Observability 101: Setting up log aggregation with OpenSearch and OpenTelemetry

Malay Hazarika · 5 minutes read · September 12, 2024


Observability 101: Setting up log aggregation with OpenSearch and OpenTelemetry

Why your startup needs log aggregation

As your startup grows, the complexity of your distributed systems can become overwhelming. You’re likely managing a multitude of microservices, each responsible for different components of your application. This increased complexity brings with it a critical need for real-time log monitoring. Picture this: you launch a new product feature that everyone has been excited about, only to discover, after the fact, that untracked errors caused significant issues. The fallout is immediate—team morale plummets as late-night debugging sessions become the norm, customer trust erodes, and your revenue takes a hit when frustrated users abandon your platform.

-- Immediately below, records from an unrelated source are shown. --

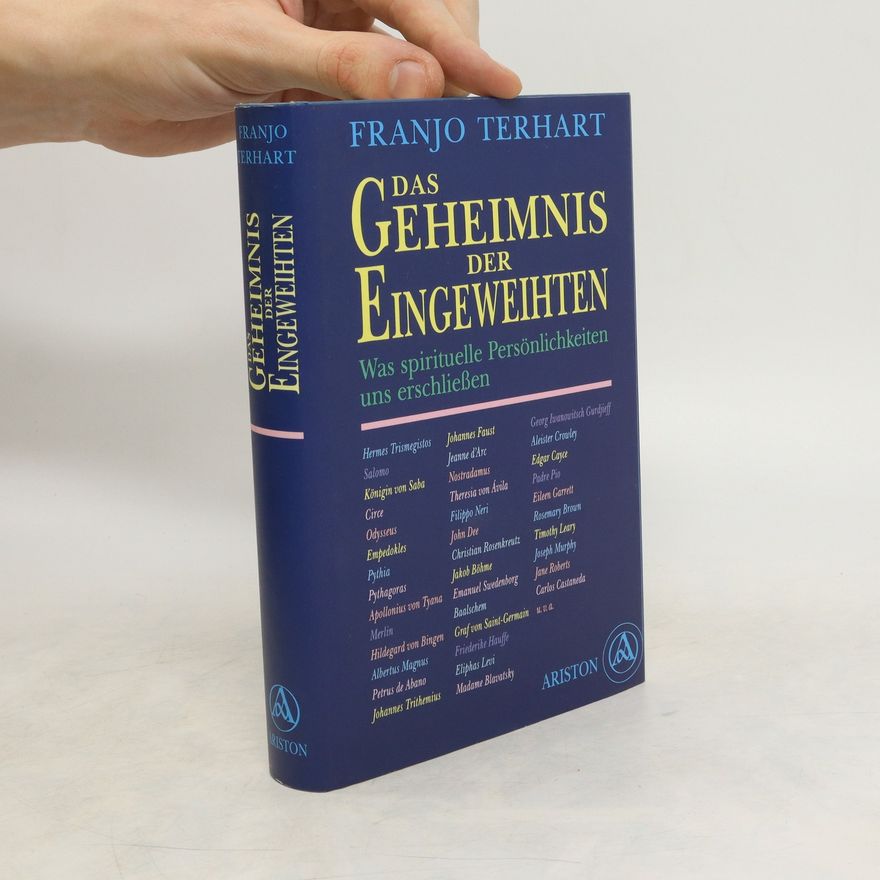 Franjo Terhart Das Geheimnis der Eingeweihten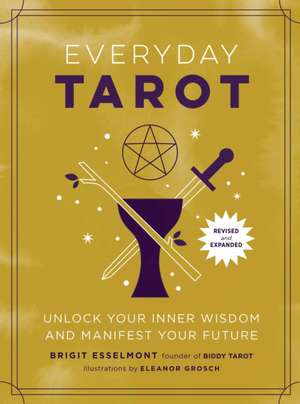 Everyday Tarot (Revised and Expanded Paperback) de Brigit Esselmont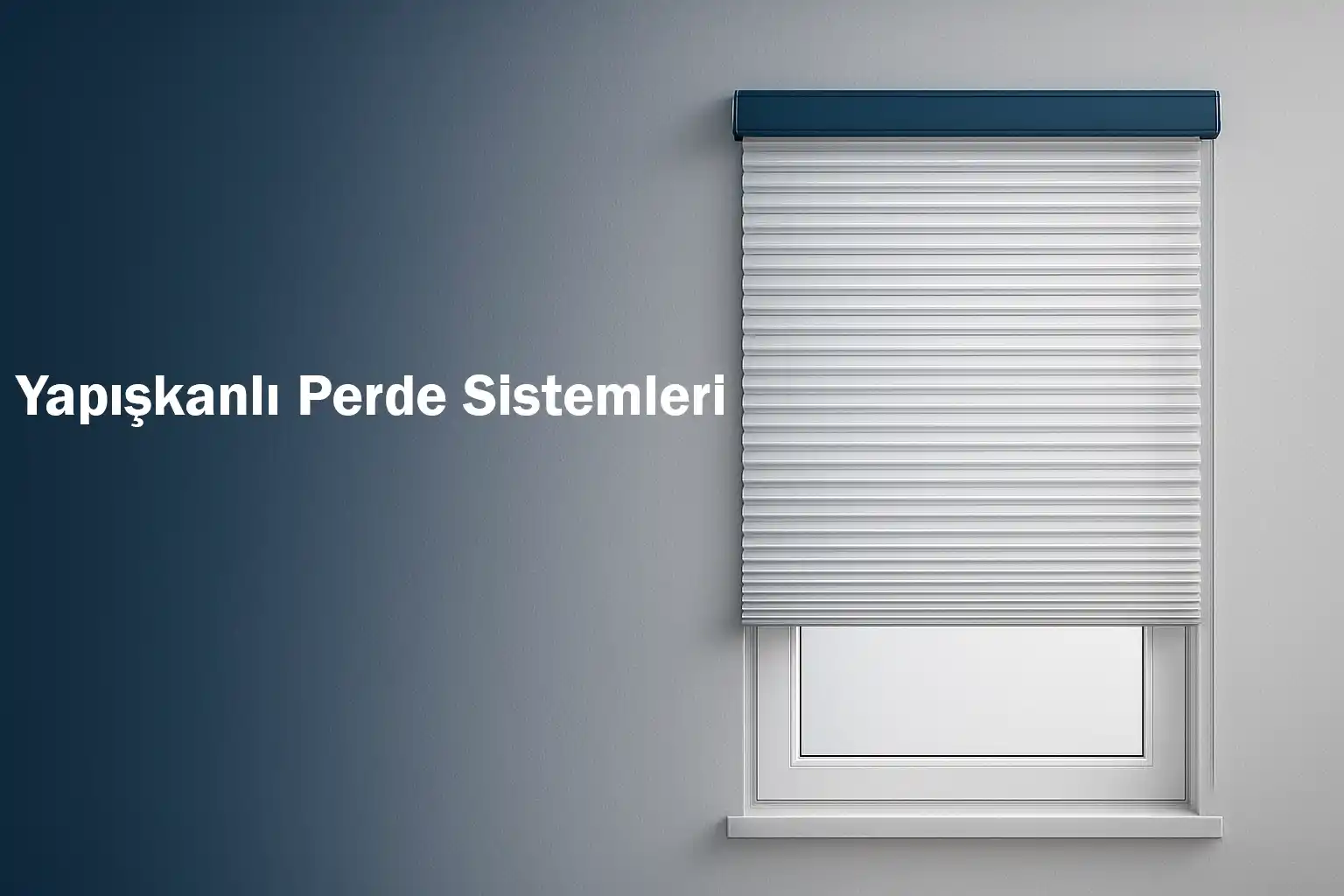 Yapışkanlı Perde Sistemleri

This scenario may sound all too familiar, and it’s not uncommon in the fast-paced world of startups. Fortunately, there’s a silver lining: many organizations are now adopting observability tools to improve incident response times and operational efficiency.

Aggregating and centralizing your logs in one place is the critical first step toward having a 360-degree view of your system.

In this article you'll learn how to centralize your logs using OpenSearch and OpenTelemetry, helping you catch issues before they escalate into crises.

The setup

Why OpenSearch?

You might be asking yourself, why should your startup invest in OpenSearch? It’s simple: Unlike its parent, i.e: ElasticSearch, OpenSearch is a truly free, open-source search engine that is built to scale making it an ideal choice for startups looking to implement a cost-effective solution.

Why OpenTelemetry

OpenTelemetry is a game changer observability. It provides a standardized method for collecting telemetry data—logs, metrics, and traces—allowing you to gain deeper insights into your application's performance and behavior. By integrating OpenTelemetry, you can better understand how your services interact and where potential bottlenecks might arise.

Even though this article just focuses on logs, with Opentelemetry in place you are equipped to also integrate metrics and traces as easily.

Moreover, One of the standout features of OpenTelemetry is its auto-instrumentation capability. This means you can automatically collect telemetry data without making extensive changes to your existing code. This reduces adoption friction significantly.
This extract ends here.